Впрочем, главное Иван Николаевич понял: сын!
И пошло от радости в Новоспасском доме все вверх дном. Еще Евгения Андреевна не встала с постели, а Фекла Александровна уже столы собирала. На крестины весь уезд созвала. Да что званые? Кто ни ехал – мимо не проехал: милости просим!
Мальчика нарекли Михаилом. Так бабка распорядилась. Так и по святцам выходило: родился наследник под самый летний Михайлов день 1804 года.
Глава четвертая
Лежит Михайла Иванович на тонких полотнах, на пуховых подушках, в атласных одеялах и присматривается к жизни. А весь дом к нему присматривается: в кого пошел? Волосом темный и глазами тоже. Лежит себе Михайла Иванович тихо, плачет умеренно: сам громогласия боится.
И не ведает, что о нем бабка замышляет.
А Фекла Александровна вскоре после крестин вызвала молодых родителей к себе.
Глядят, восседает она в персидской шали. Есть у нее такая заветная шаль – для великих праздников и самоважнейших дел.
– Вот вам мой приказ, и другого не повторю? Алешу не уберегли, теперь я за Михайлу отвечаю. На мне забота корень фамильный сохранить, на мне и ответ. Беру Михайлу к себе!
Вздрогнули родители. Иван Николаевич встал:
– Маменька!..
– Дело решенное, не перечь! А ты, – повернулась к Евгении Андреевне, – отдыхай, силы набирайся!
Сколько лет Фекла Александровна на свете прожила, а никто еще ее воли не отменил.
– Завтра и переведу!
И переселили Михайла Ивановича со всем обзаведением, с кормилицами, с нянькой Карповной в бабкины покои. Фекла Александровна еще подняньку Авдотью к внуку определила, потому что была Авдотья Ивановна первая на всю округу сказочница и на песни голосиста.
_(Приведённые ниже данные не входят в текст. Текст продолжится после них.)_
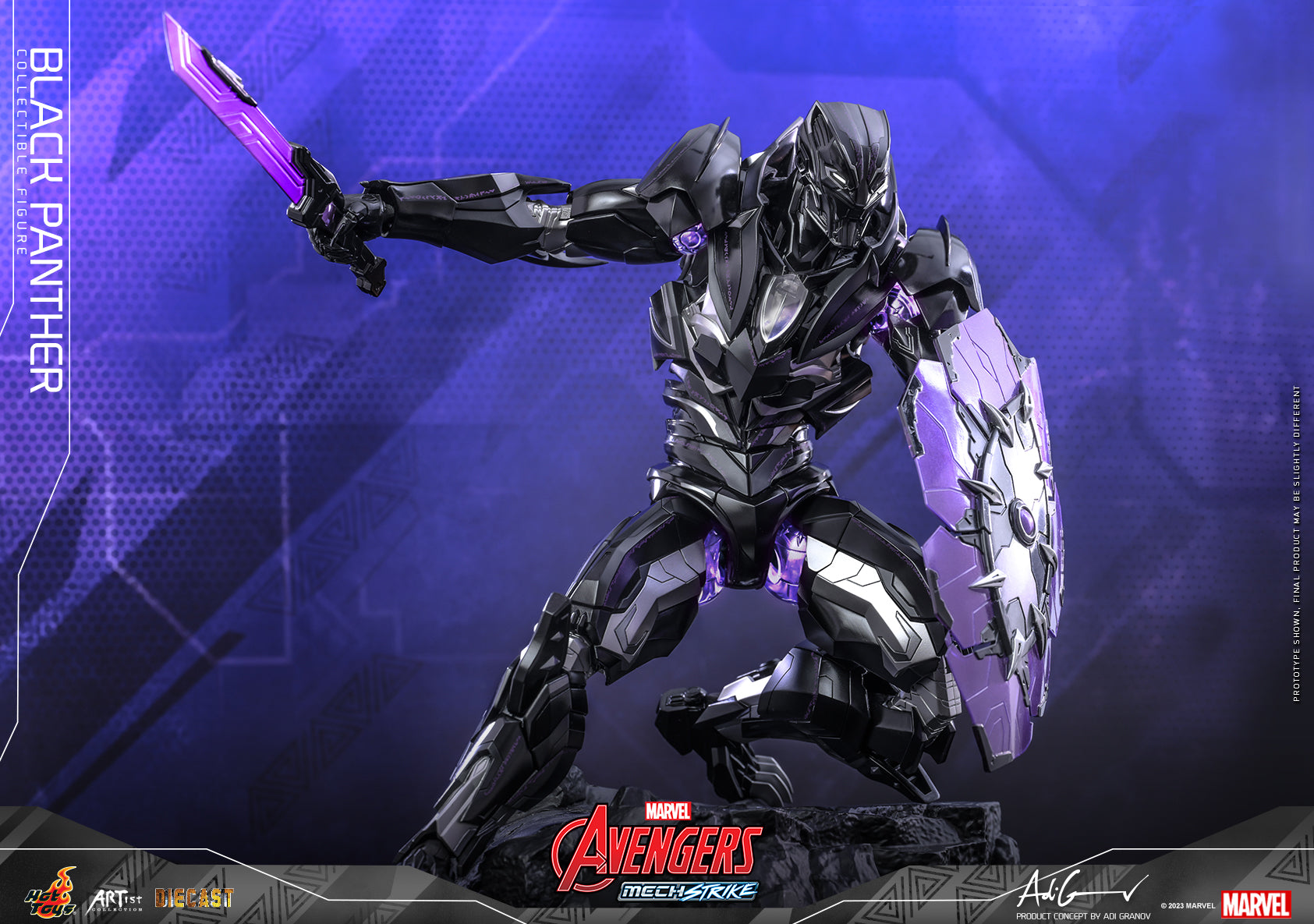 Hot Toys - AC05D55 - Marvel's Avengers: Mech Strike - Black Panther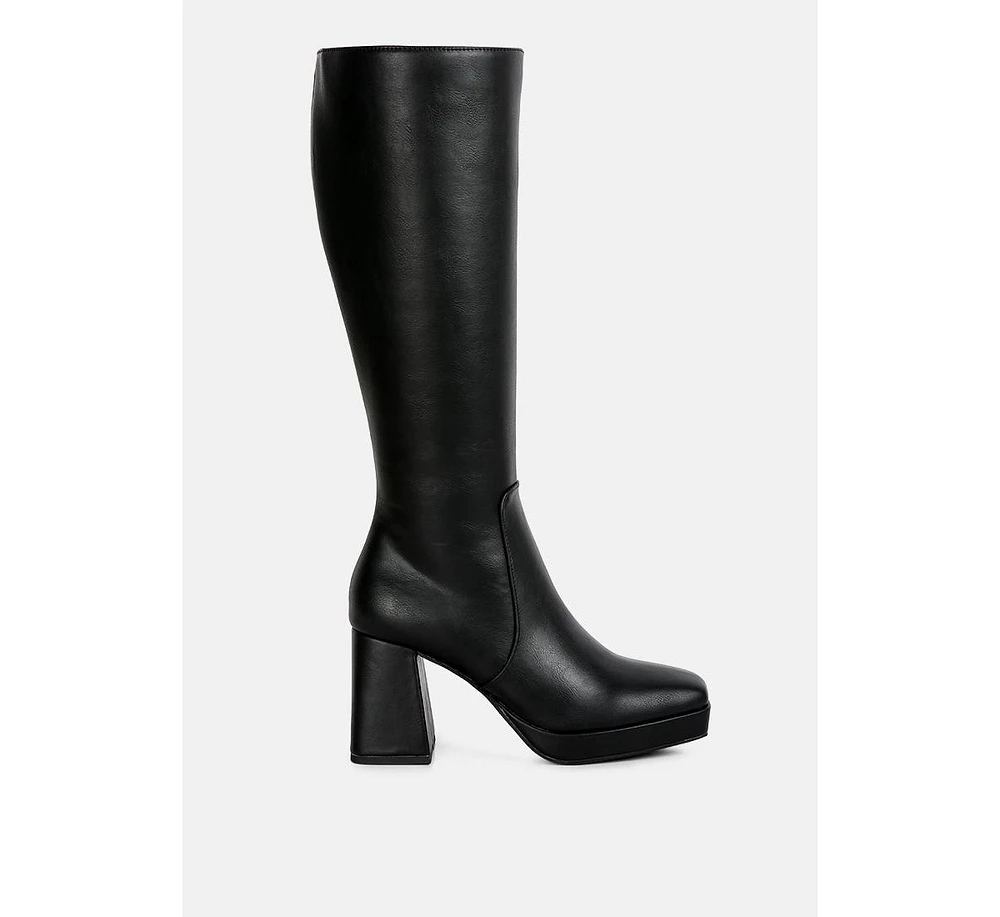 bouts high calf block heel boots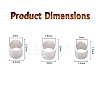 Brass Crimp Beads KK-YW0001-24A-S-2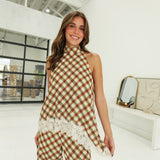 Olive's Plaid Blouse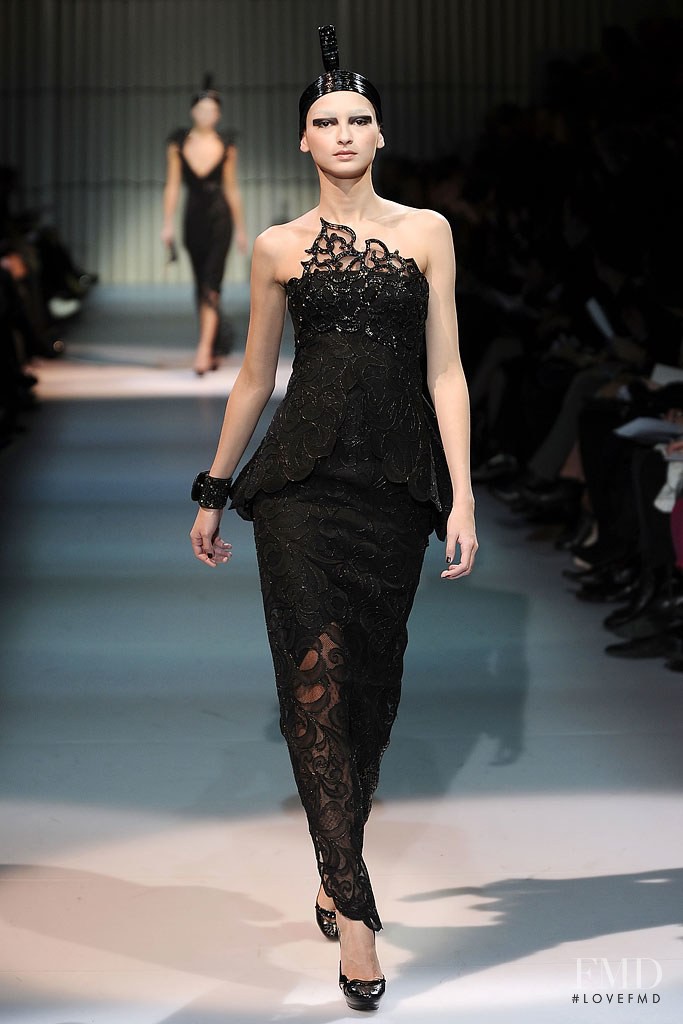 Bruna Tenório featured in  the Armani Prive fashion show for Spring/Summer 2009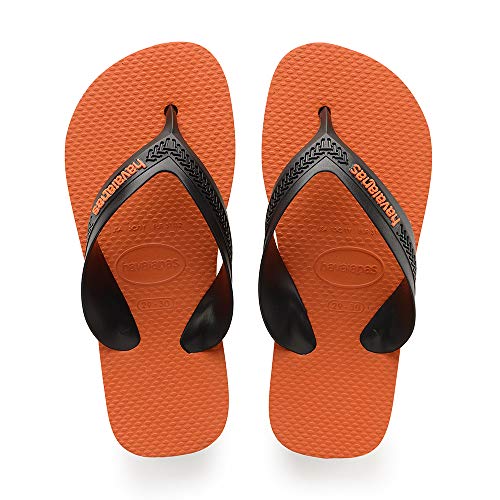 Sandália Havaianas Kids Max Aco/Laranja Neon 23/24 1 Par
Но не успел еще внук на новоселье обжиться, Фекла Александровна новое решение объявила, хотя для видимости объявлял его секунд-майор.
В этот день Николай Алексеевич облекся в парадный екатерининский мундир и поставил на стол ларец. После обедни пришел отец Иван.
– Ну, батюшка, Николай Алексеевич, объявляй! – начала Фекла Александровна.
Николай Алексеевич порылся в ларце, вынул бумагу с печатью, стал читать невнятно:
– «…из Смоленского Наместнического Правления дана сия Николаю Алексееву сыну Глинке в том…» А что, матушка Фекла Александровна, все ли честь надобно?
– Читай, батюшка!..
– «…Николаю Алексееву сыну Глинке в том, что недвижимого имения за ним в Смоленском уезде в Вопецком стану сельцо Соколове с деревнями, крестьян мужеска пола – 87, Ельнинского стану в деревне Шатьково – 24…» Да кто ж, матушка, наших деревень не знает? Зачем их честь-то?